4.2 If Customer believes that Service Provider has billed Customer incorrectly, Customer must contact Service Provider no later than sixty (60) days after the closing date on the first billing statement in which the error or problem appeared, in order to receive an adjustment or credit. Inquiries should be directed to Service Provider’s customer support department. Service Provider shall respond to Customer within three (3) business days after receiving such inquiries.
4.3 Service Provider shall bill through an invoice, payment for which must be received by Service Provider within sixty (60) days of Customer’s receipt of such invoice, or the Services may be terminated. Unpaid invoices are subject to a finance charge of 0.5% per month on any outstanding balance, or the maximum permitted by law, whichever is lower, plus all reasonable expenses of collection. Customer shall be responsible for all taxes associated with Services.
5. TERMINATION
5.1 Subject to earlier termination as provided below, this Agreement is for the initial Service Term as specified in the applicable Order Form (the “Initial Service Term”). This Agreement is not subject to any implied or automatic renewals.
5.2 In addition to any other remedies it may have, each party may also terminate this Agreement upon thirty (30) days’ notice if the other party materially breaches any of the terms or conditions of this Agreement, and if the breach is capable of remedy, fails to promptly remedy that breach within twenty one (21) days of notice. If this Agreement is terminated as a result of a material breach by Customer during the Initial Service Term, Customer will pay in full all remaining Fees payable through the remainder of the Initial Service Term. If this Agreement is terminated as a result of an uncured material breach by Service Provider, Service Provider shall promptly refund to Customer any prepaid and unused Fees. If this Agreement is terminated as a result of a material breach by Customer after the Initial Service Term, the Customer will pay in full for any earned, but unpaid Services, pro-rated up to and including the last day on which the Services are provided.

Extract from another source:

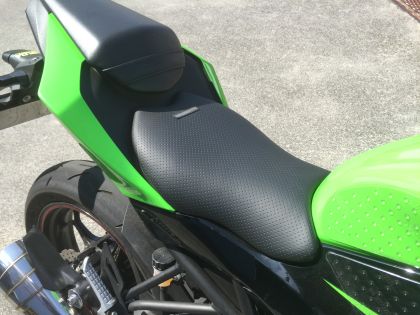 Ninja250SL スペシャルシート つづきです。｜Ninja250SL｜モーター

5.3 Termination (which includes expiration or non-renewal) of this Agreement shall not limit either party from pursuing other remedies available to it, including injunctive relief, nor shall such termination relieve Customer’s obligation to pay all undisputed fees that have accrued or are otherwise owed by Customer for Services provided in full, under any order form.
5.4 The parties’ rights and obligations under Sections 2 (“Restrictions and Responsibilities”), 3 (“Confidentiality”), 4 (“Payment of Fees”), 6 (“Indemnification”), 7 (“Warranty and Disclaimer”), 8 (“Limitation of Liability”), and 9 (“Miscellaneous”) shall survive termination.
6. INDEMNIFICATION
6.1 Service Provider agrees, at its own expense, to indemnify, defend Customer and hold Customer harmless against any suit, claim, or proceeding brought against Customer alleging that the use of Services in accordance with this Agreement infringes any copyright, trademark or patent, provided that Customer (i) promptly notifies Service Provider in writing of any such suit, claim or proceeding, such notice to be considered prompt except to the extent the Service Provider is materially prejudiced by its delay (ii) allows Service Provider, at Service Provider’s own expense, to direct the defense of such suit, claim or proceeding, and (iii) gives Service Provider all information and assistance reasonably necessary to defend such suit, claim or proceeding. The foregoing obligations do not apply with respect to the Services or portions or components thereof (x) not supplied by Service Provider, (y) made in whole or in part in accordance to Customer specifications, (z) combined with other products, processes or materials where the alleged infringement would not have occurred without such combination. This section states Service Provider’s entire liability and Customer’s exclusive remedy for infringement or misappropriation of intellectual property of a third party.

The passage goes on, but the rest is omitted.